Cyber security and the transition to cloud solutions remain the top two federal information technology priorities. With over two-thirds of the federal IT budget spent maintaining legacy systems, it means that these priorities can dominate your customers spending on “new” solutions. Yet, it’s not really news that cyber and cloud are “in.” How can you set yourself apart in a crowded field?
Step one is to become as smart as possible about what your target agencies needs are. Military service branches have different missions than ICE and TSA. Even agencies not traditionally thought of as having cyber needs, like HHS, VA and Education have requirements, but each differ from one another, and sometimes even from department to department.

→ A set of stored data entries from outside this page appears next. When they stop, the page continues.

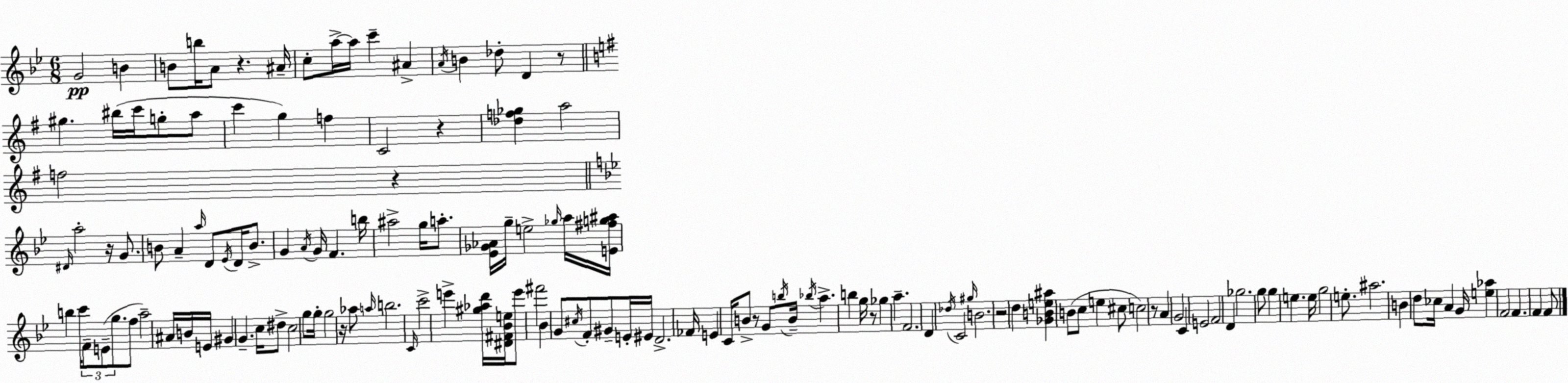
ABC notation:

X:1
T:Untitled
M:6/8
L:1/4
K:Bb
G2 B B/2 b/4 A/2 z ^A/4 c/2 a/4 a/4 c' ^A A/4 B _d/2 D z/2 ^g ^b/4 c'/4 g/2 a/2 c' g f C2 z [_df_g] a2 f2 z ^D/4 a2 z/4 G/2 B/2 A a/4 D/2 _E/4 D/4 B/2 G A/4 G/4 F b/4 ^a2 g/4 a/2 [_E_G_A]/4 g/4 e2 _g/4 a/4 [E^fg^a]/4 b c'/4 F/2 E/2 g/2 f/2 a2 ^A/4 B/4 E/4 ^G G c/4 ^d/2 c2 g/2 g/4 g2 z/4 _a/2 a/4 b2 C/4 c'2 e' [^g_ad']/4 [^D^F_Be]/4 e'/2 ^f'2 _B G/2 ^c/4 F/2 ^G/2 E/4 ^E/4 D2 _F/4 E C/4 B/2 z/2 G/2 b/4 B/4 _b/4 a b g/4 z/2 _g a F2 D _d/4 C2 ^g/4 B2 z2 d [_GBe^a] B/2 c/2 e ^c/2 c2 z/2 A G2 C E2 F2 D _g2 g/2 g e e/4 g2 e/2 ^a2 B d/2 _c/4 A G/4 [e_a] F2 F F F/2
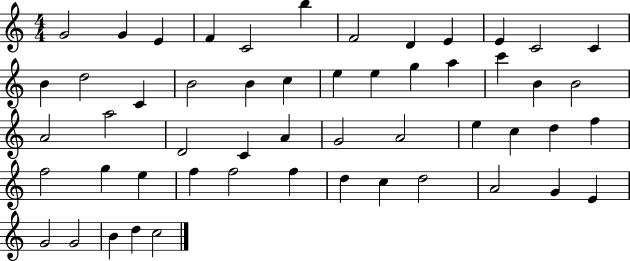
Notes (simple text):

G4/h G4/q E4/q F4/q C4/h B5/q F4/h D4/q E4/q E4/q C4/h C4/q B4/q D5/h C4/q B4/h B4/q C5/q E5/q E5/q G5/q A5/q C6/q B4/q B4/h A4/h A5/h D4/h C4/q A4/q G4/h A4/h E5/q C5/q D5/q F5/q F5/h G5/q E5/q F5/q F5/h F5/q D5/q C5/q D5/h A4/h G4/q E4/q G4/h G4/h B4/q D5/q C5/h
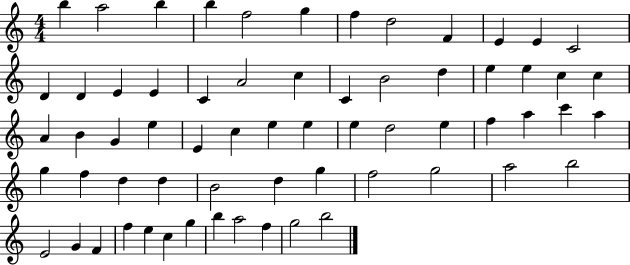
{
  \clef treble
  \numericTimeSignature
  \time 4/4
  \key c \major
  b''4 a''2 b''4 | b''4 f''2 g''4 | f''4 d''2 f'4 | e'4 e'4 c'2 | \break d'4 d'4 e'4 e'4 | c'4 a'2 c''4 | c'4 b'2 d''4 | e''4 e''4 c''4 c''4 | \break a'4 b'4 g'4 e''4 | e'4 c''4 e''4 e''4 | e''4 d''2 e''4 | f''4 a''4 c'''4 a''4 | \break g''4 f''4 d''4 d''4 | b'2 d''4 g''4 | f''2 g''2 | a''2 b''2 | \break e'2 g'4 f'4 | f''4 e''4 c''4 g''4 | b''4 a''2 f''4 | g''2 b''2 | \break \bar "|."
}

Next up is matching your solutions with those requirements. Military specifications, for example, may matter little to a civilian agency customer and, worse; give the impression that you’re offering a “one size fits all” approach in a diverse market. You also can’t take for granted that your prospect knows everything they need to know (though some may think so).
If you find that your solution isn’t an easy fit, it’s better to move on than to try and cut it to size. The market of cyber providers is simply too crowded for a federal agency to go with something that doesn’t match well. Conversely, your solution will fit better with the next customer than someone else’s.

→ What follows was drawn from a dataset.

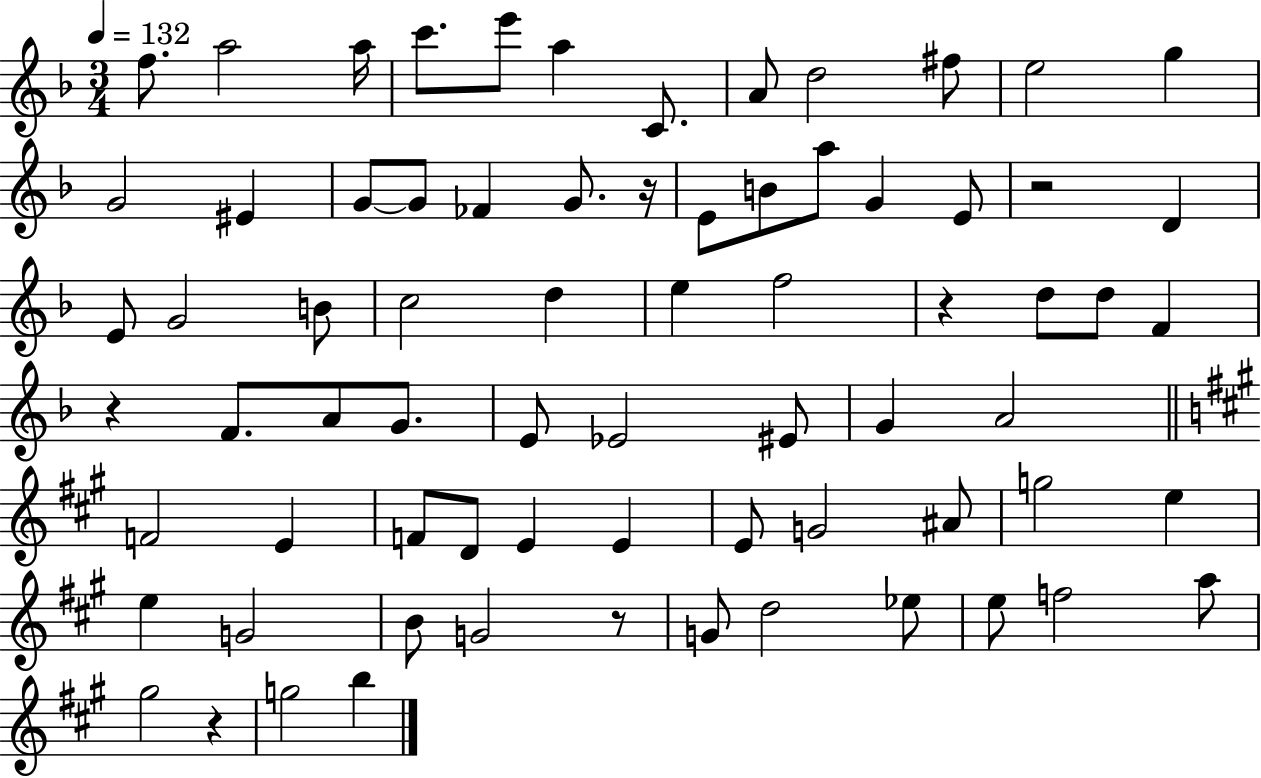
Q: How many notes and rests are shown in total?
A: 72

There are over $13 billion play for cyber solutions in FY’15. It pays to have done your homework. While the recommendations here may seem obvious, there are many contractors that don’t follow them. Talk to any fed and they will give you a long list of things contractors don’t do, or do incorrectly, during the BD process. Don’t be one of these.
Cloud, too, continues to be a high priority. Over $7 billion will be spent by federal agencies on cloud solutions in FY’15. The real number may be much higher, as “cloud” becomes a ubiquitous part of many IT solutions.
While it’s also true here, as it is with cyber, that cloud solutions differ, there’s actually more confusion over the “what, where, and why” of cloud than you might think. Be prepared to differentiate your cloud solution from someone else’s, especially if your solution differs from the traditional storage and app areas. Experience has shown that cloud success is closely tied to being able to lead a client step-by-step through their uncertainty.
Federal agencies are also now required to buy cloud solutions that are FedRAMP approved. If your solution isn’t, be prepared to show that it’s in the approval process and just how secure it is in any case. FedRAMP, and similar cloud standards, continue to evolve, as well. Make sure you’re up to speed on what the current and future requirements are.
One other factor to keep in mind when offering any IT solution in the federal market is “how.” Federal agencies buy at least half of their IT solutions, including cloud and cyber, through standing contracts. Contracts such as the GSA Multiple Award Schedules, Alliant, NASA SEWP, and others, are open to all agencies. DOD buyers will also use the Army’s ITES-2, Navy Seaport-E, and Air Force NETCENTS2.
Your company should hold, or be a partner to someone who does hold, several of these contract vehicles. If you’re selling against someone who has one and you don’t, your company could be at a competitive disadvantage.
The good news is that there are substantial opportunities in the federal market for cyber and cloud solutions. Make sure you’ve set yourself apart and made it easy for your customer to do business with you in order to get your share.